I am going to fish several offshore tournaments this year. I have a 35' CC and all the gear. Looking for a few guys that know their way around an offshore boat and can pay their own way. Not looking for drinking buddies that want a boat ride, or guys that have to get permission from the wife or boss. If you are serious about offshore fishing and want to fish some tournaments this summer. Send me a PM.


----------



## drumbeat

Send me some more info . Approx. Cost , time frames etc. Interested. Outta League city...thx


----------



## Hydracat

New to site. Working on profile . Have boats also. Looking to find serious angler or anglers. Don't drink smoke or anything else. Have time and can pay my own way. Picky about partners but you seem the same. I like that. Dedicated fisherman not afraid to work hard at it. Use to live in Port A now I live in Galveston. Where are you located? Let's talk and see if we are on the same page with goals.. Randy


----------



## twan52479

Man this sounds right up my alley right now I am in Port O?Connor and going to school all of next week to get my captains lisc.
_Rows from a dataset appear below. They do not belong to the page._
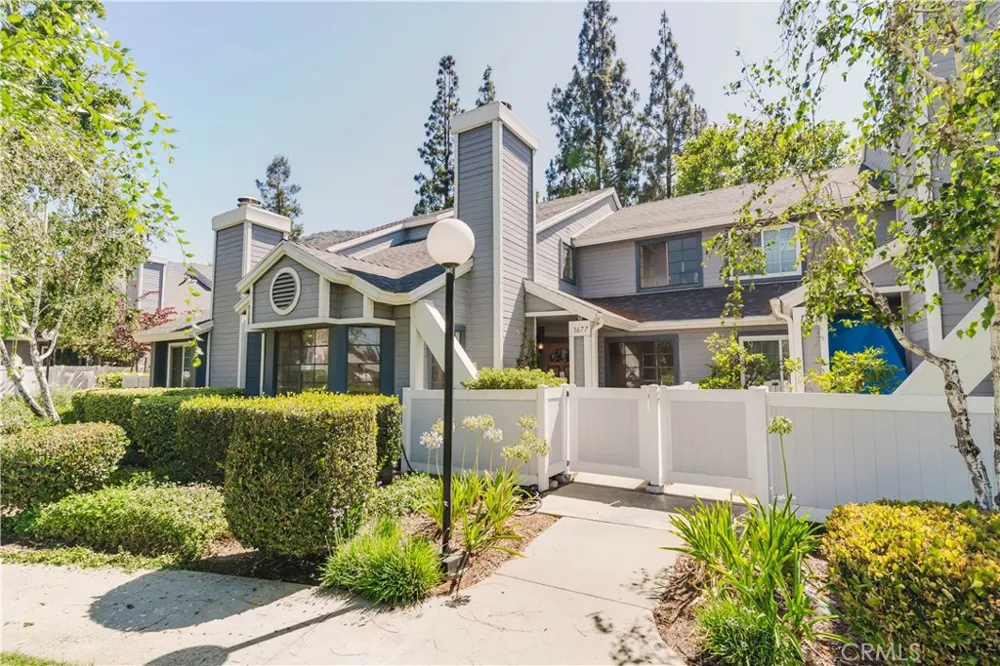 1677 Crystal Canyon Drive Azusa, CA 91702
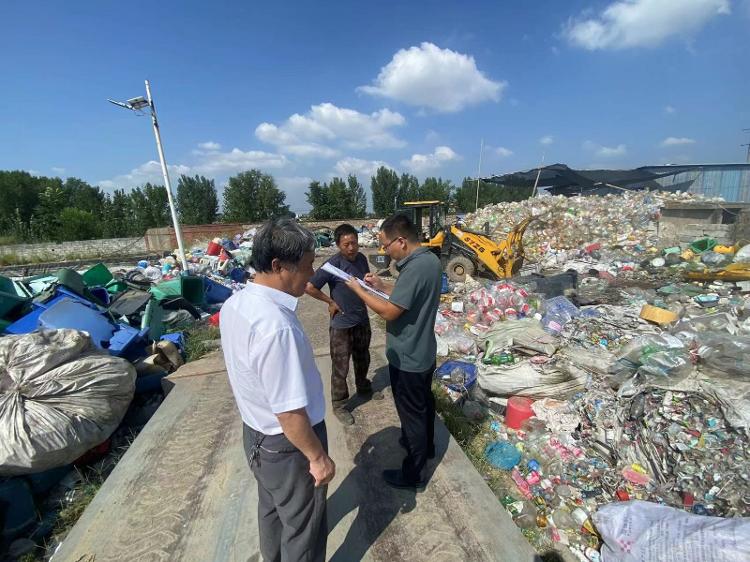 高庄街道对废品回收点安全进行例行复查(图1)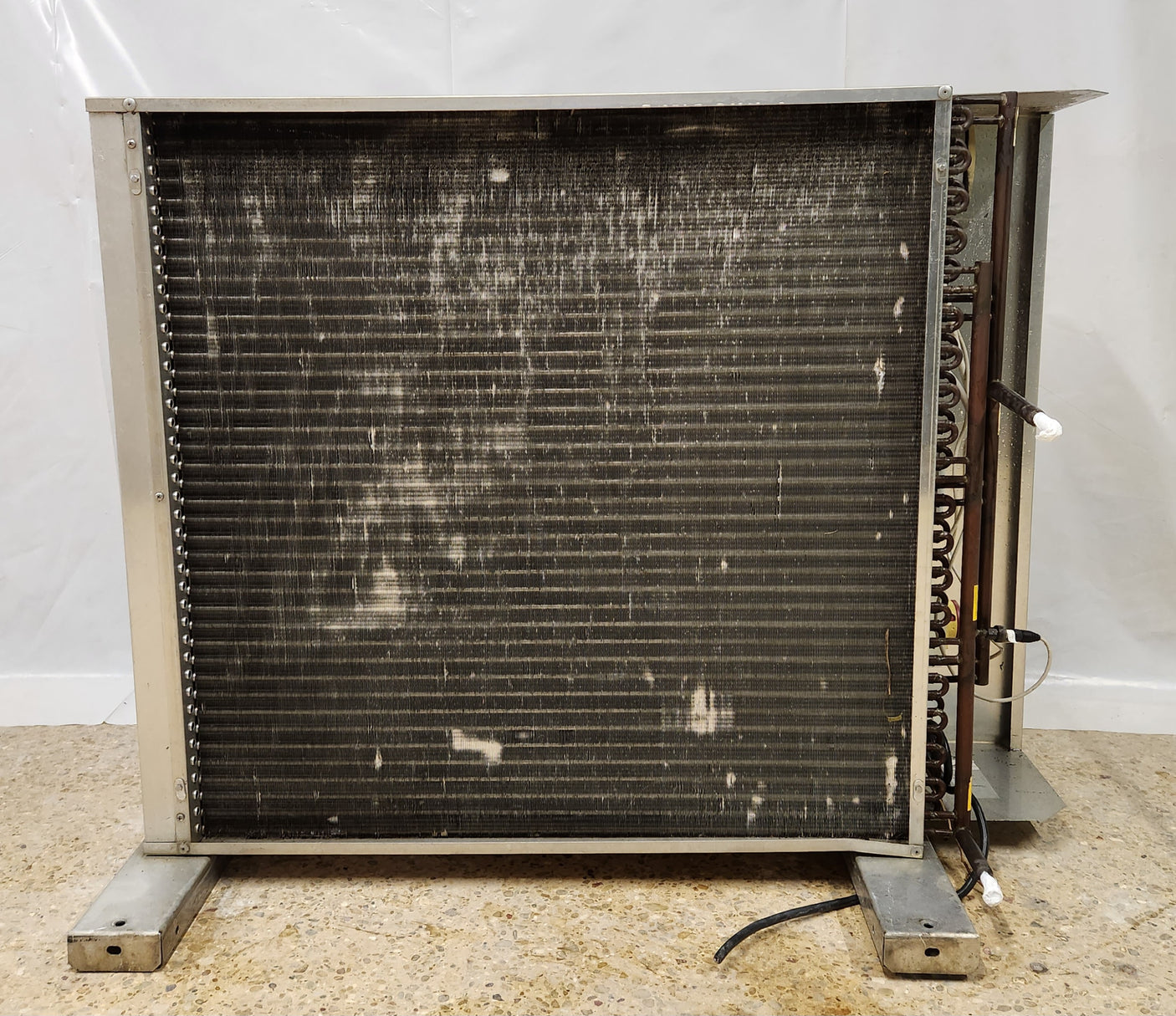 Condenseur aéroréfrigérant Emerson Network Power Liebert-Hiross HCE024 - Bon état
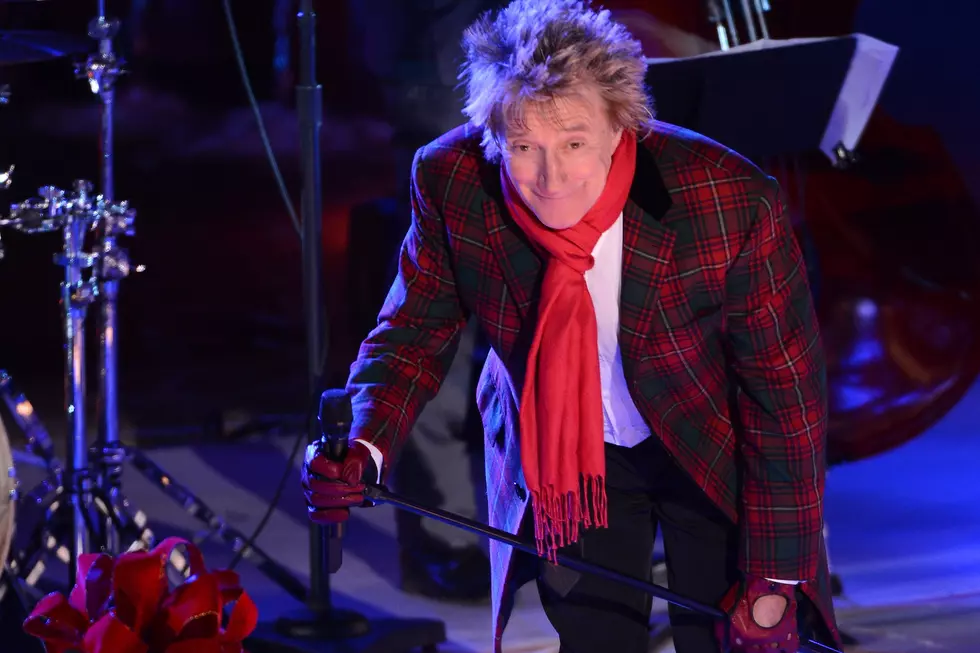 Incredible Rod Stewart Tribute Show Takes Place In St. Cloud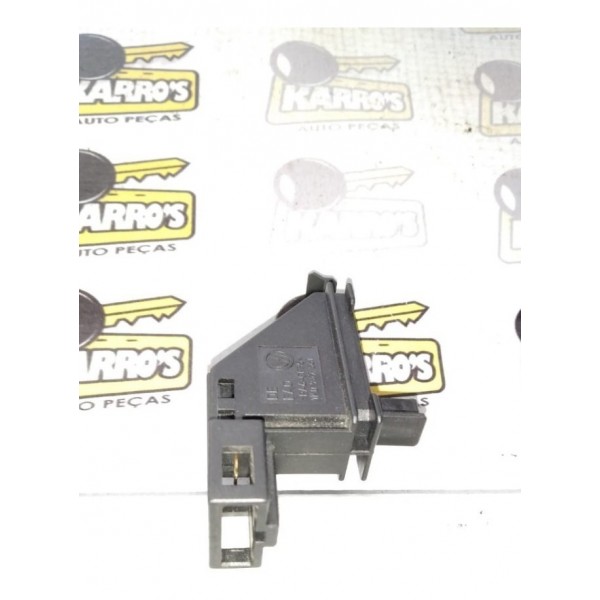 Botão Interruptor Da Luz Do Porta Luvas Vw Jetta 2012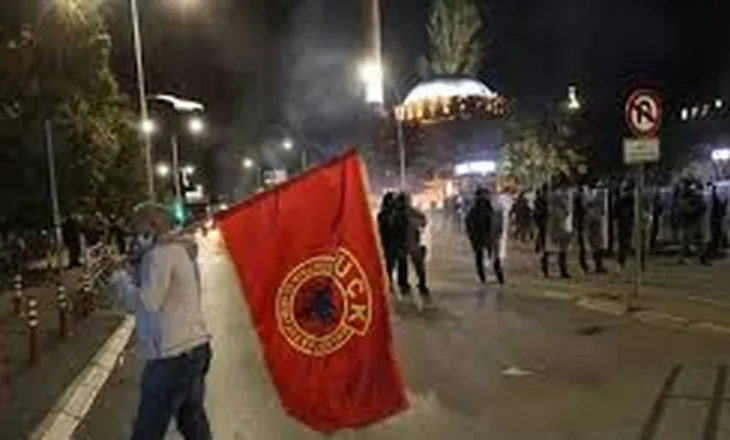 Protesta para Kuvendit të Kosovës, të lënduar policë dhe protestues (VIDEO)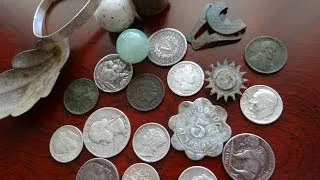 Find amazing silver coins, tokens, treasure and relics metal detecting.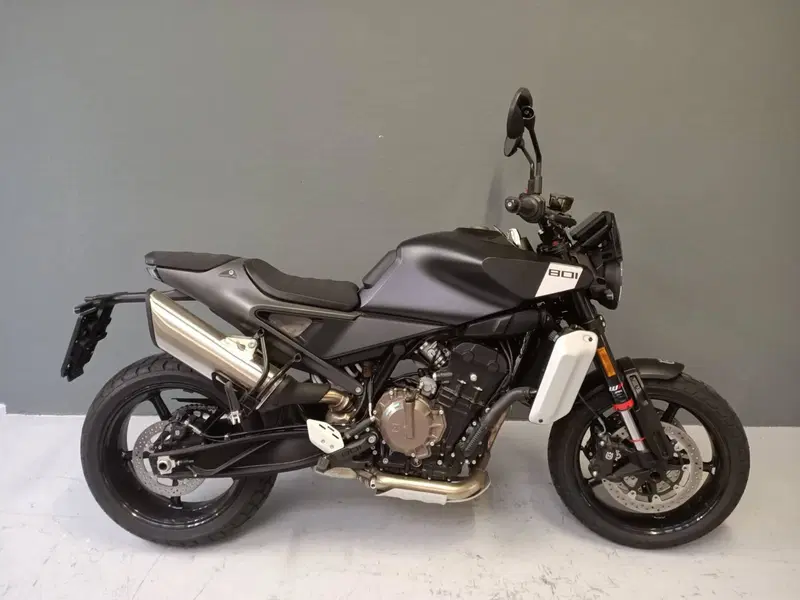 Husqvarna Svartpilen 801 (2024 - 26)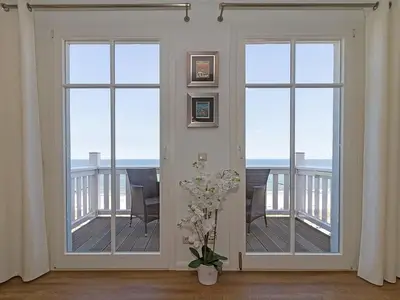 Balkon mit Gartenmöbeln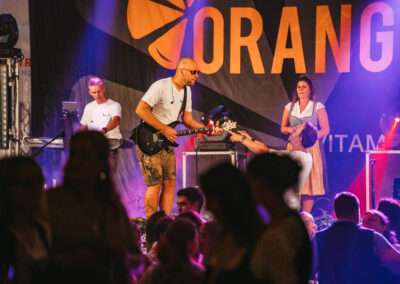 OrangeClub - Chris - Live in action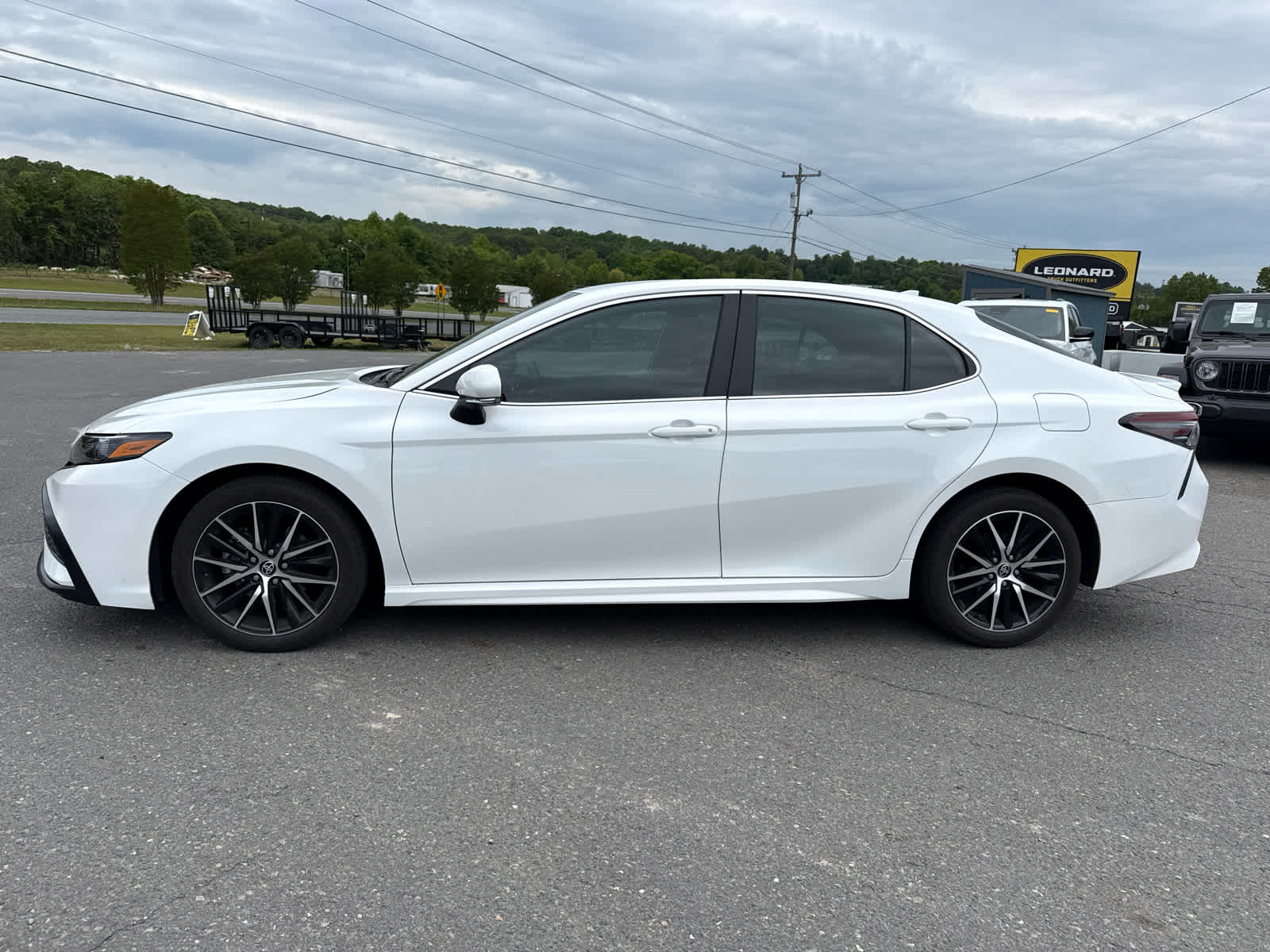 2024 Toyota Camry SE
I am an avid offshore fisherman with all my own gear my own boat and my own numbers but I am always willing to learn from other fisherman and I am willing to share knowledge as well this summer I would like to to dedicate to learning more and catching more lol but if am not disqualified for being a capt in the tournaments then I would love to participate you can text me whenever 832 287 0802 I look forward to being on the deep blue asap tight lines and fish on!


----------